Over the past few years we’ve seen airlines launch longhaul flights to secondary markets. This has been possible thanks to fuel efficient, low capacity, long haul aircraft, and thanks to generally low oil prices.

With these new routes comes some trial and error. I commend airlines for trying new routes, but I guess sometimes the math doesn’t work out the way they were expecting.

San Jose Airport in California is one that has benefited from longhaul expansion, as the airport now has both transatlantic and transpacific flights. Unfortunately the airport lost one longhaul route last month, and will lose another one this month.

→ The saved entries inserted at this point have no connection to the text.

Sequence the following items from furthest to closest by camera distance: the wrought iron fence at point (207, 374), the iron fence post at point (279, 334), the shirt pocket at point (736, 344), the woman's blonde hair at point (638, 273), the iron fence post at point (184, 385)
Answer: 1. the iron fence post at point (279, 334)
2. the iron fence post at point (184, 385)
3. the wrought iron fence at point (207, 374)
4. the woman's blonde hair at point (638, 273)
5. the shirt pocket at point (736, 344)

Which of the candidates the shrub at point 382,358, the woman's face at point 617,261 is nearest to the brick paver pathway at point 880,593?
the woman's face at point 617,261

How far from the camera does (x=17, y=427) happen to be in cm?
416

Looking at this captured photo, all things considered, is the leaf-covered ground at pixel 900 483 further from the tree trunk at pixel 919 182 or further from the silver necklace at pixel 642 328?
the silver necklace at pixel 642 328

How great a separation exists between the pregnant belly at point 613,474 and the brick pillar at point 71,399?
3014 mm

Lufthansa will be discontinuing their flight between Frankfurt and San Jose as of October 27, 2018. This flight has an interesting history:

  • Lufthansa began flying between Frankfurt and San Jose 5x weekly as of April 29, 2016
  • While the route was initially operated year-round, they suspended the flight between October 2017 and March 2018, though they claimed that this was “purely for operational reasons due to a shortage that [they] have in staffing crews in [their] intercontinental operations”
  • In March 2018, Lufthansa resumed operations, and made a point of saying that the route would return year-round

Now Lufthansa has quietly removed this flight from the schedule. Not only has it been removed from the schedule for winter, but it’s not showing for next summer either, so it looks like it’s being removed permanently.

This flight has been operated by a Cityline Airbus A340-300, featuring just 18 business class seats. So while you’d think San Jose would be a business market, the route had a configuration more designed for leisure destinations.

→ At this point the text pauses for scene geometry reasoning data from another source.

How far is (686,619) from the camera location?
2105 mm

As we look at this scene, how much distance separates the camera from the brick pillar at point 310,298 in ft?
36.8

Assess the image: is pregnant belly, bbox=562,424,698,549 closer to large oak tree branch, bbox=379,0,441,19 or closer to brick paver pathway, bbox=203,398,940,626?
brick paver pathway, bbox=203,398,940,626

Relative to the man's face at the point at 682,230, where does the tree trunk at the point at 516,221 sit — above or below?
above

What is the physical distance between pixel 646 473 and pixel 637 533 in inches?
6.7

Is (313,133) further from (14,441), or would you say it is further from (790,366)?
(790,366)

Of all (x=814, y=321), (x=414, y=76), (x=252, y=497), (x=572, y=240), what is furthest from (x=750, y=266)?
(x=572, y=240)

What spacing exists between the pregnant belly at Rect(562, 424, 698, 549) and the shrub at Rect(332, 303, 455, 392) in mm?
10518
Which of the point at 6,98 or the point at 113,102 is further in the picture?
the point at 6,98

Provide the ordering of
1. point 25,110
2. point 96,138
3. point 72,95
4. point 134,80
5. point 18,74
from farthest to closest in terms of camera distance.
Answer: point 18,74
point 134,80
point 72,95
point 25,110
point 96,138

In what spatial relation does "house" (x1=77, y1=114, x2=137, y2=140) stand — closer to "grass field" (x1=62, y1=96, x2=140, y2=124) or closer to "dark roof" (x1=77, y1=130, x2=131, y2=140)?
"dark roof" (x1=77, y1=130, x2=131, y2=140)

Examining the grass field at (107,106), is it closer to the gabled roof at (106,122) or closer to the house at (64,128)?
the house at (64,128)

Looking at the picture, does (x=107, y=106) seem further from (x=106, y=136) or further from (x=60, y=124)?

Lufthansa continues to operate flights to Los Angeles, San Francisco, and as of recently, San Diego. My guess is that there was just too much overlap between the Bay Area airports, and they just couldn’t make both San Jose and San Francisco work.

Interestingly Air China also launched flights between San Jose and Shanghai in 2016, though the airline canceled their flights as of a couple of weeks ago.

At this point San Jose’s intercontinental service includes an ANA flight to Tokyo Narita, a British Airways flight to London Heathrow, and a Hainan flight to Beijing.

British Airways 787 at San Jose Airport

Are you surprised to see Lufthansa cut their San Jose to Frankfurt flight?